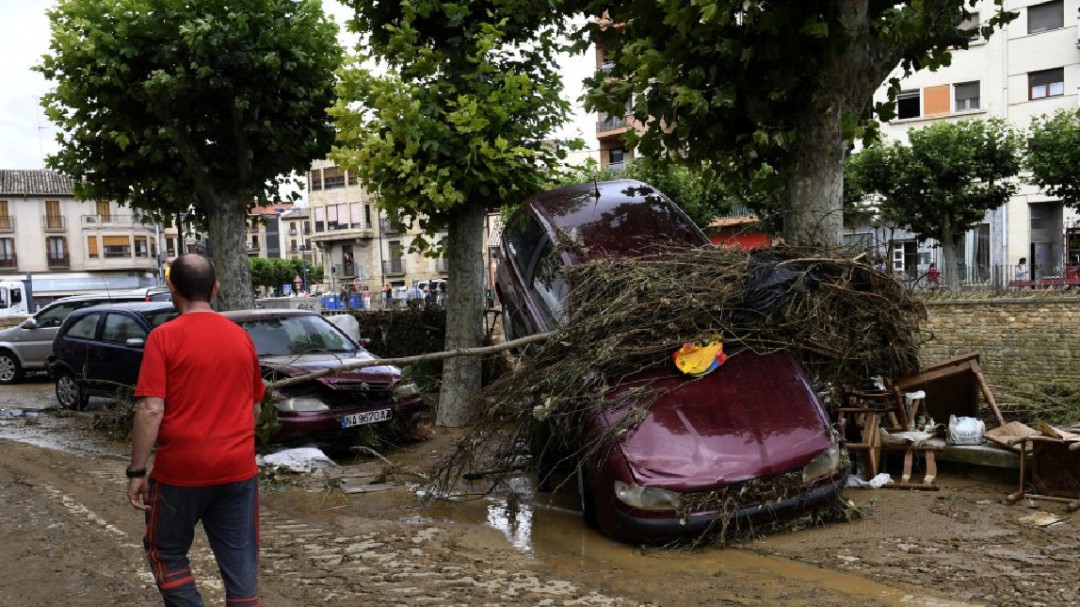 "Situación de catástrofe"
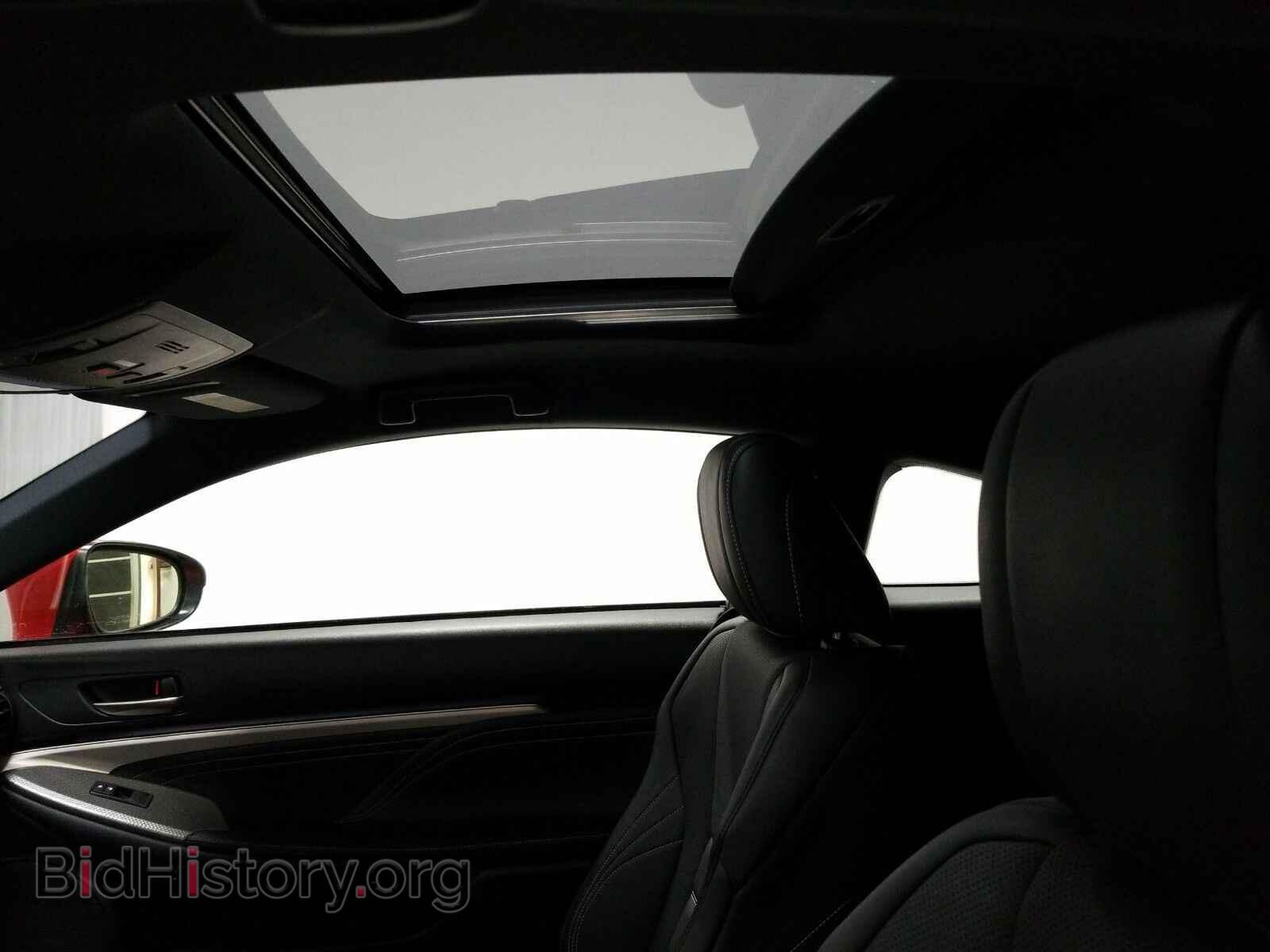 2017 Lexus RC - VIN: JTHHE5BC1H5016309 - Фото 14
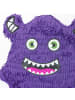 relaxdays 3-tlg. Pinata Set "Monster" in Lila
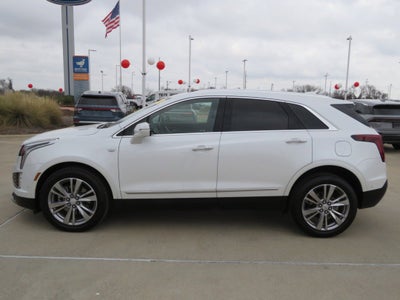 2024 Cadillac XT5 FWD Premium Luxury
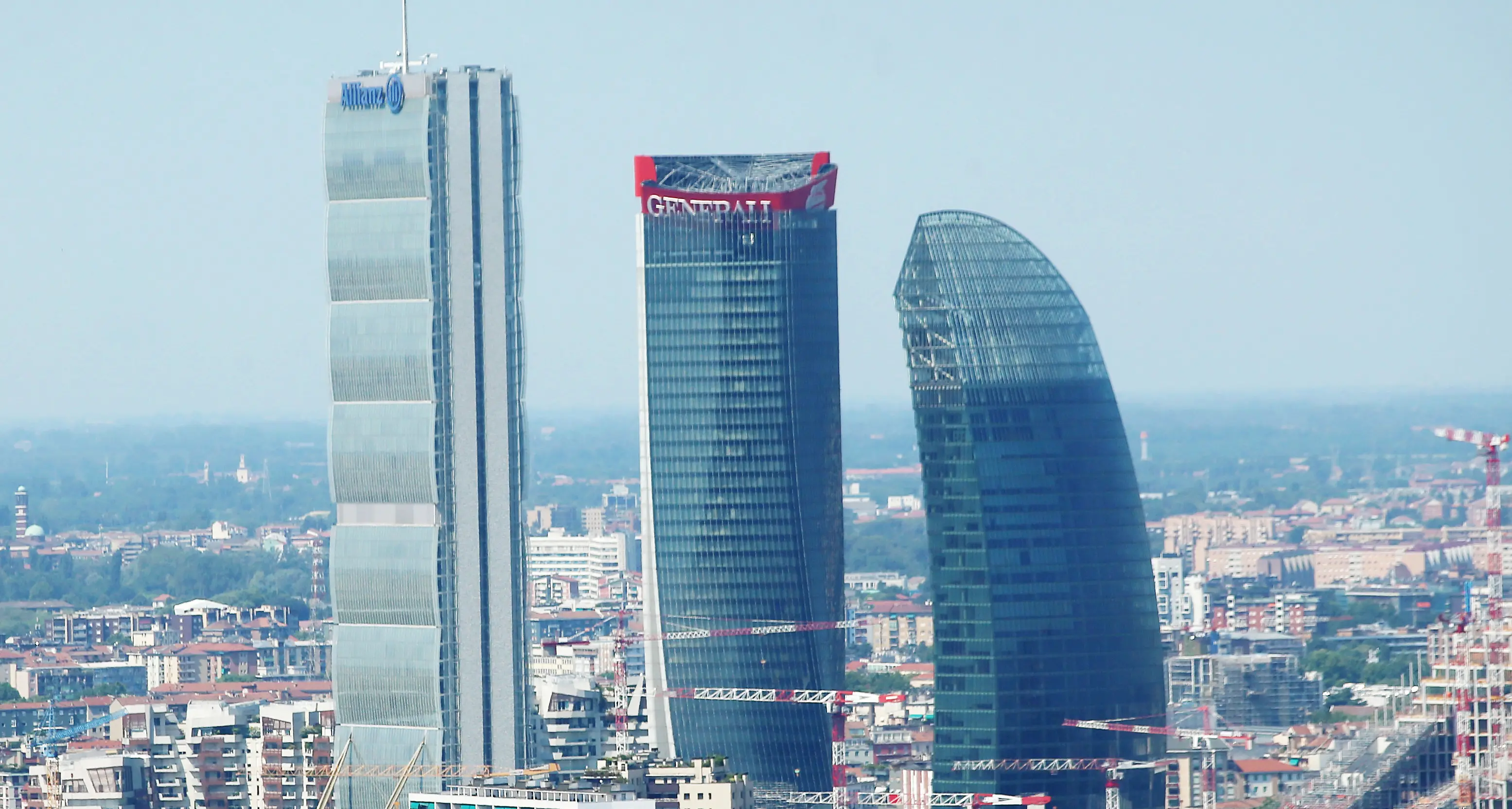 Generali, prima licenzia per scarso rendimento, poi ci ripensa di fronte alle contestazioni della Fisac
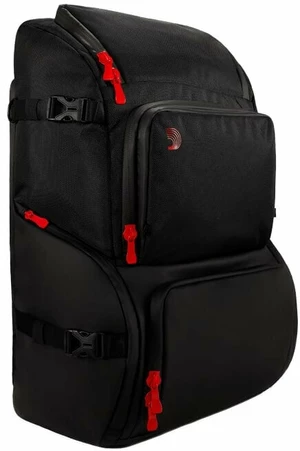 D'Addario Backline Gear Transport Pack Suport pedală, Husă pentru efecte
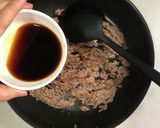 ★ひき肉で簡単！ルーローハン(魯肉飯 )作り方8写真
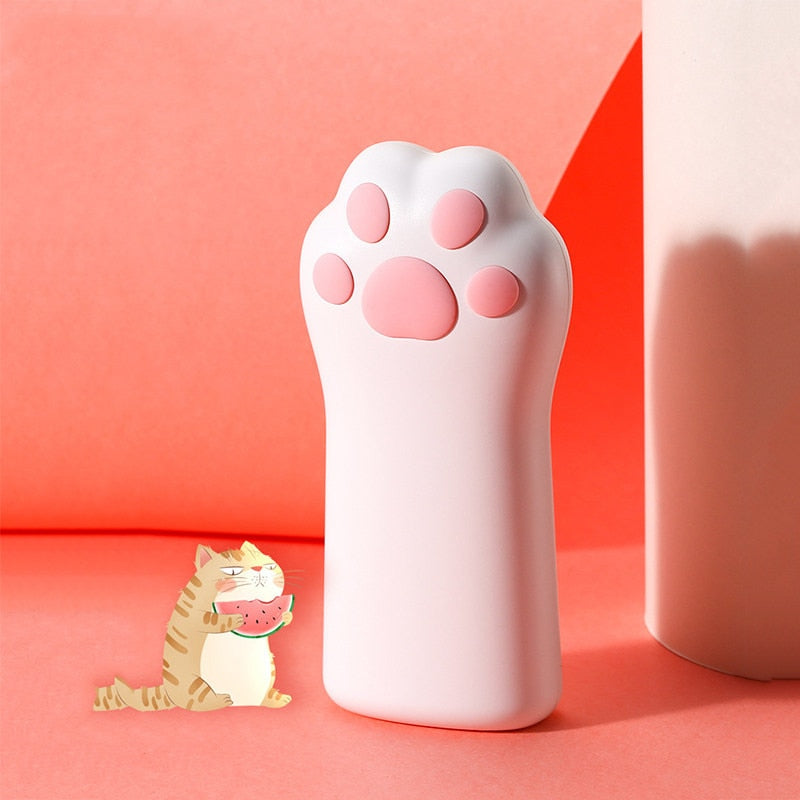 Japanese style Cat claw mobile power bank 10400mAh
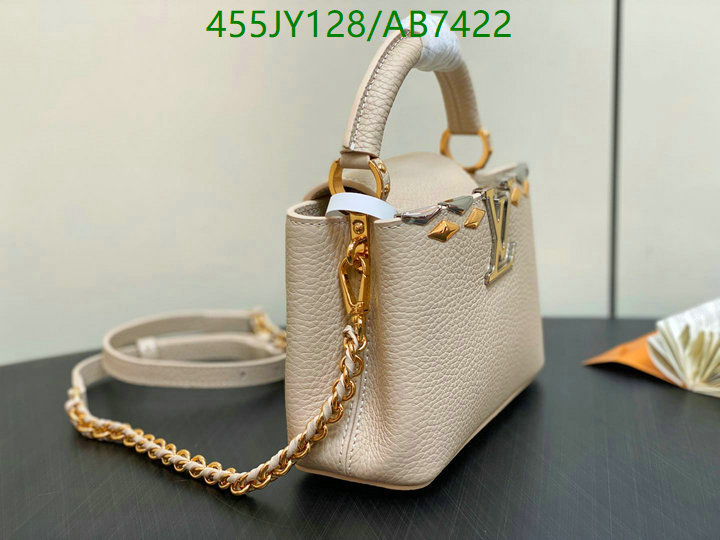 YUPOO-Louis Vuitton High quality Luxury Bag LV Code: AB7422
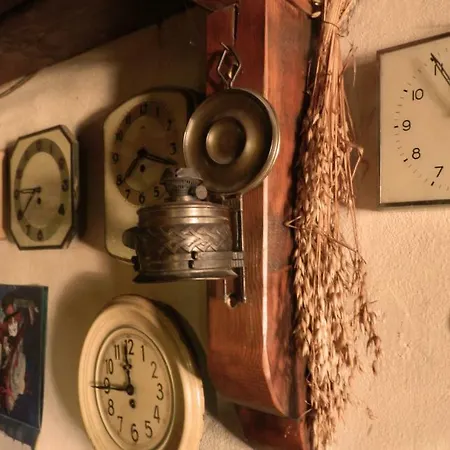 Romanticky Apartman U Veze Zelezna Panna Apartment *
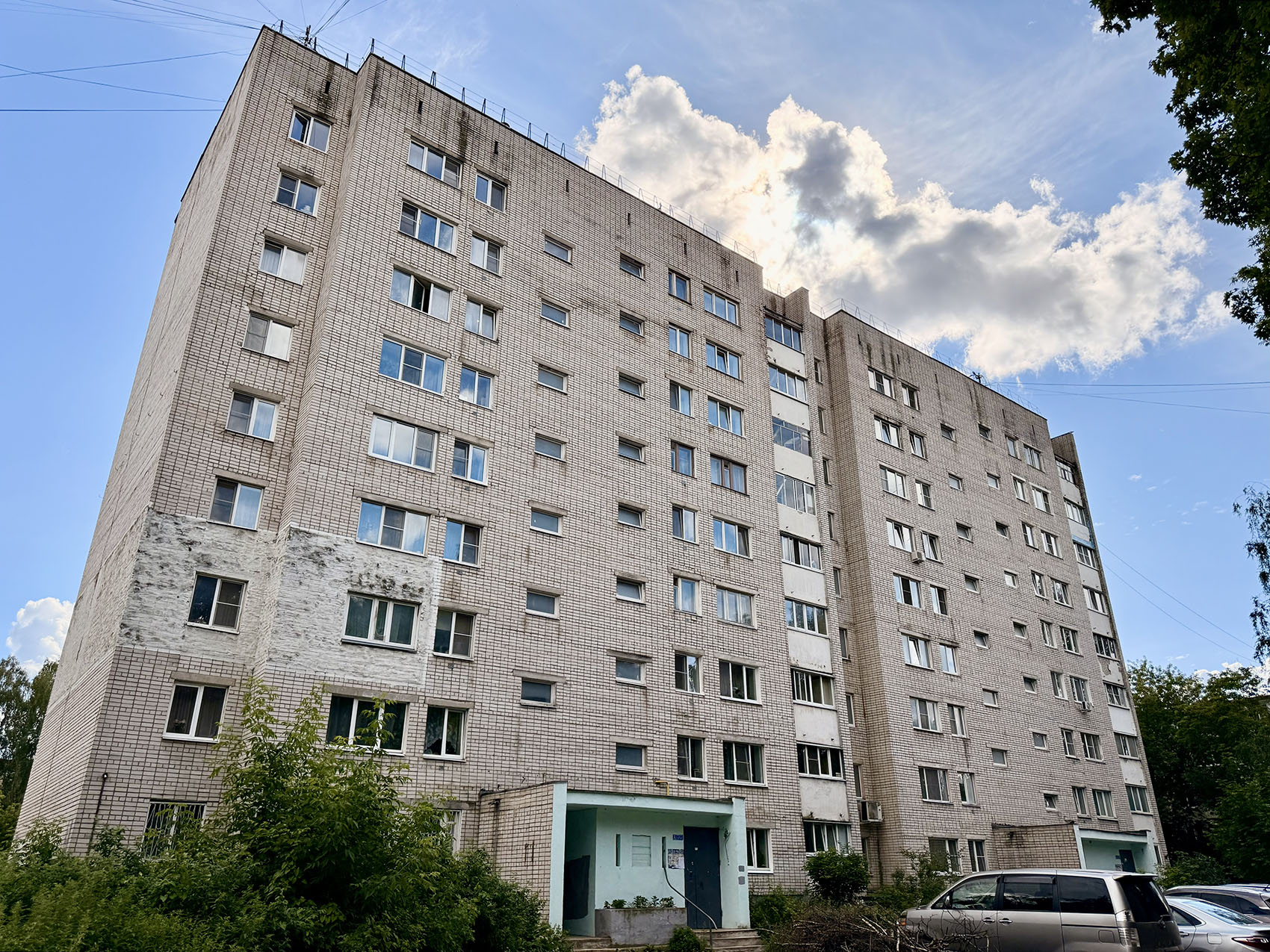 Тверь, Переулок Никитина, 5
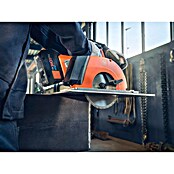 Fein AMPShare 18V Sierra circular de batería F-IRON Cut 57 AS (18 V, Sin batería, Diámetro hoja de sierra: 150 mm, 1.300 r.p.m. - 2.800 r.p.m.) | BAUHAUS
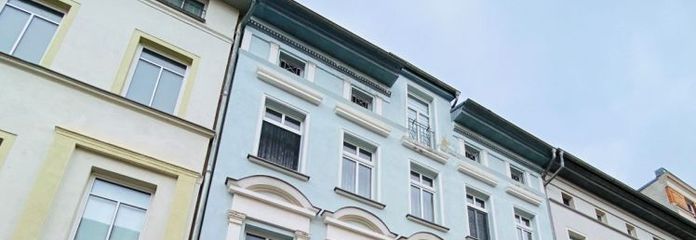 Renditeanlage: 3R.- ETW mit Balkon in guter zentrumsnaher Lage von Gera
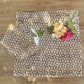 Boho Block Print Napkins (Set of 4) - Sparrow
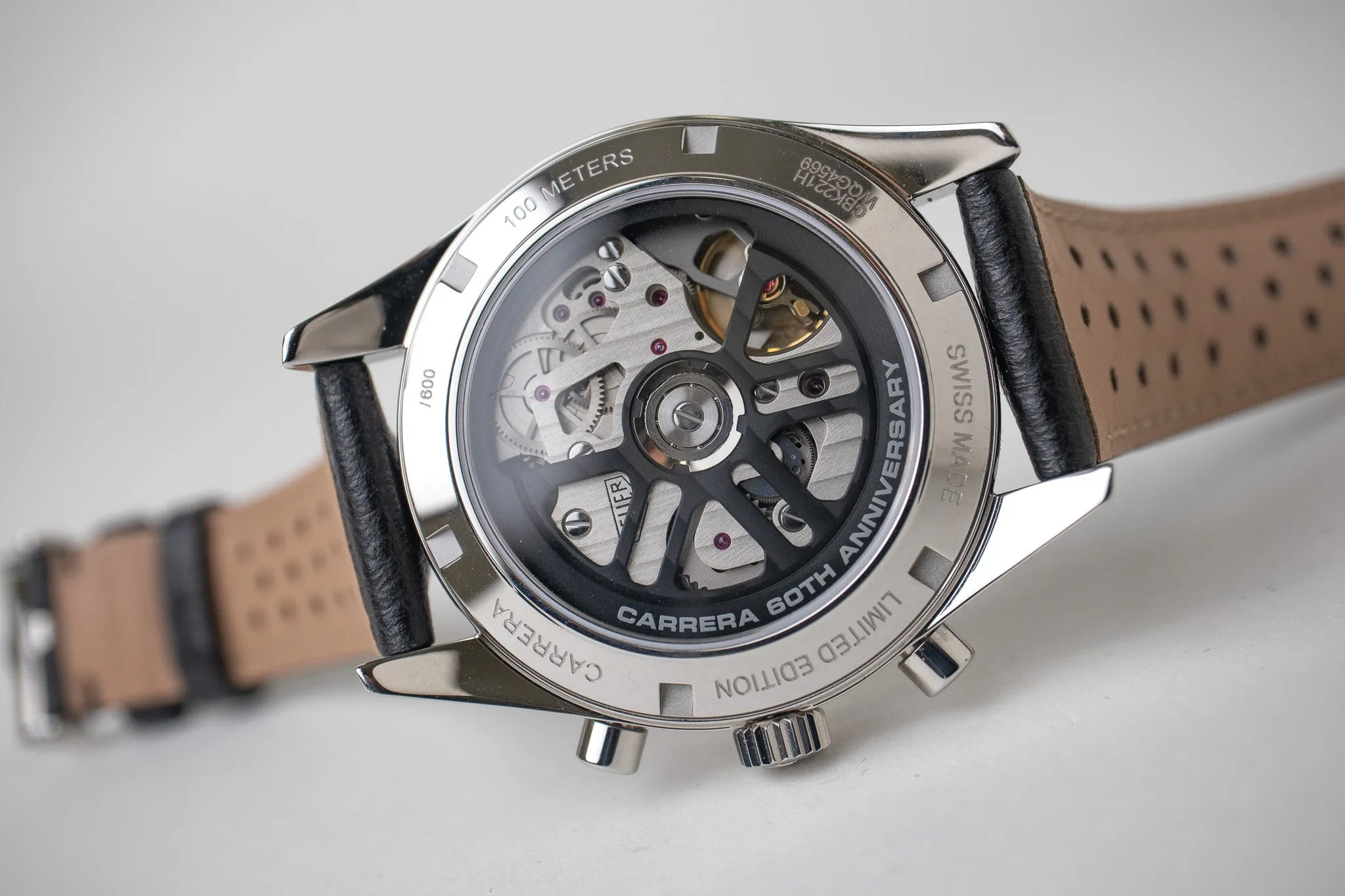 Tag Heuer Carrera 60th Anniversary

***

## AIM OF THE TASK
Skip the pictures. Please copy exactly the lines from the one with "Romanticky Apartman U" through the final line of the material above, both ends included.

## RESPONSE TO THE TASK
 Romanticky Apartman U Veze Zelezna Panna Apartment *
 Тверь, Переулок Никитина, 5
 Fein AMPShare 18V Sierra circular de batería F-IRON Cut 57 AS (18 V, Sin batería, Diámetro hoja de sierra: 150 mm, 1.300 r.p.m. - 2.800 r.p.m.) | BAUHAUS
 Renditeanlage: 3R.- ETW mit Balkon in guter zentrumsnaher Lage von Gera
 Boho Block Print Napkins (Set of 4) - Sparrow
 Tag Heuer Carrera 60th Anniversary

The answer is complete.